*** Extracted entries Section Begins ***
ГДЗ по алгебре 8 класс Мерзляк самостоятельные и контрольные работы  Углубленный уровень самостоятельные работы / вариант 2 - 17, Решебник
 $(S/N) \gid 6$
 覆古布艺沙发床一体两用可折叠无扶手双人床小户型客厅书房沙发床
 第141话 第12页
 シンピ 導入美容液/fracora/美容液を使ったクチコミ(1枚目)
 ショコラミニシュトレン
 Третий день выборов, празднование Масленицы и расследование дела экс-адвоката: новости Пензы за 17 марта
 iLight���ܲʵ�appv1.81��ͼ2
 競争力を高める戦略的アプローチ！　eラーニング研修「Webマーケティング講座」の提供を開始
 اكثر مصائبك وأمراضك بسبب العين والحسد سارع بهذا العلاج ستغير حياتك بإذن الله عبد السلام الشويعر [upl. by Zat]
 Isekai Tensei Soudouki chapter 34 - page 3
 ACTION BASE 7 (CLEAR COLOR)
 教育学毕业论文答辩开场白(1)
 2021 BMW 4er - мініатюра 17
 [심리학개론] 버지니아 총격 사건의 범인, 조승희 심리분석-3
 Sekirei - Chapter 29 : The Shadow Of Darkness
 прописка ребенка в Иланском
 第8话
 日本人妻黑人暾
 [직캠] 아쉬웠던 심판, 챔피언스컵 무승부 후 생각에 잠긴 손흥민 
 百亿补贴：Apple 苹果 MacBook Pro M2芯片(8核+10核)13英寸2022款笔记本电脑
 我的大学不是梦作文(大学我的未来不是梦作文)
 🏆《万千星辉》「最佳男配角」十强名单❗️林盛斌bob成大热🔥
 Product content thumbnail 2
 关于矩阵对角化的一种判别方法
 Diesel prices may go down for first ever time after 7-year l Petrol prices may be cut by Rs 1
*** Extracted entries Section Ends ***
▸ **Your assignment**
An exact, complete copy of the data is the only acceptable answer.

▸ **Your response**
ГДЗ по алгебре 8 класс Мерзляк самостоятельные и контрольные работы  Углубленный уровень самостоятельные работы / вариант 2 - 17, Решебник
 $(S/N) \gid 6$
 覆古布艺沙发床一体两用可折叠无扶手双人床小户型客厅书房沙发床
 第141话 第12页
 シンピ 導入美容液/fracora/美容液を使ったクチコミ(1枚目)
 ショコラミニシュトレン
 Третий день выборов, празднование Масленицы и расследование дела экс-адвоката: новости Пензы за 17 марта
 iLight���ܲʵ�appv1.81��ͼ2
 競争力を高める戦略的アプローチ！　eラーニング研修「Webマーケティング講座」の提供を開始
 اكثر مصائبك وأمراضك بسبب العين والحسد سارع بهذا العلاج ستغير حياتك بإذن الله عبد السلام الشويعر [upl. by Zat]
 Isekai Tensei Soudouki chapter 34 - page 3
 ACTION BASE 7 (CLEAR COLOR)
 教育学毕业论文答辩开场白(1)
 2021 BMW 4er - мініатюра 17
 [심리학개론] 버지니아 총격 사건의 범인, 조승희 심리분석-3
 Sekirei - Chapter 29 : The Shadow Of Darkness
 прописка ребенка в Иланском
 第8话
 日本人妻黑人暾
 [직캠] 아쉬웠던 심판, 챔피언스컵 무승부 후 생각에 잠긴 손흥민 
 百亿补贴：Apple 苹果 MacBook Pro M2芯片(8核+10核)13英寸2022款笔记本电脑
 我的大学不是梦作文(大学我的未来不是梦作文)
 🏆《万千星辉》「最佳男配角」十强名单❗️林盛斌bob成大热🔥
 Product content thumbnail 2
 关于矩阵对角化的一种判别方法
 Diesel prices may go down for first ever time after 7-year l Petrol prices may be cut by Rs 1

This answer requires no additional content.